In a video obtained exclusively by the BBC, the group said it took the decision several months ago "to put in motion a democratic process".
The Spanish government has not responded. In the past it has said it will only negotiate with Eta if it renounces violence and disarms.
Eta's violent campaign has led to more than 820 deaths over the past 40 years.
It has called two ceasefires in the past, but abandoned them both.
It is unclear whether Eta is declaring a permanent or temporary ceasefire.
In the video obtained by the BBC, three hooded Eta fighters are shown sitting behind a desk with the Eta flag pinned up behind them.
The figure in the middle reads out a prepared statement defending Eta's campaign of violence, but towards the end she says the group now wants to achieve its aims by peaceful, democratic means.
"Eta confirms its commitment to finding a democratic solution to the conflict," the statement says.
"In its commitment to a democratic process to decide freely and democratically our future, through dialogue and negotiations, Eta is prepared today as yesterday to agree to the minimum democratic conditions necessary to put in motion a democratic process, if the Spanish government is willing," it adds.

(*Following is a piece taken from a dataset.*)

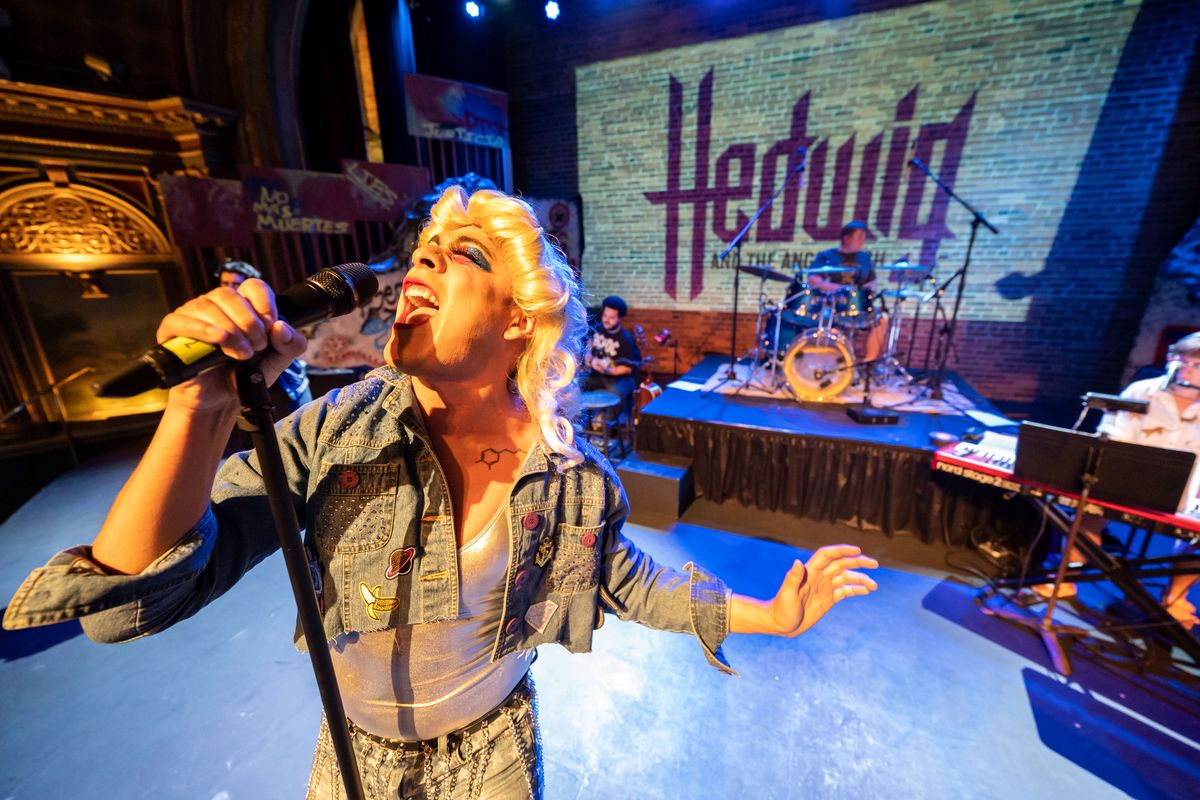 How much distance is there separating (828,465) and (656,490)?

"We call on all Basque citizens to continue in the struggle, each in their own field, with whatever degree of commitment they have, so that we can all cast down the wall of denial and make irreversible moves forward on the road to freedom."
Founded in 1959, Eta has since then waged a bloody campaign for independence for the seven regions in northern Spain and south-west France that Basque separatists claim as their own.
This latest announcement comes after the arrests of numerous Eta leaders and during an unprecedented period of debate within the Basque nationalist community over the future direction of policy, says the BBC's Clive Myrie in San Sebastian.
Eta has been coming under increasing pressure to lay down its weapons, our correspondent adds.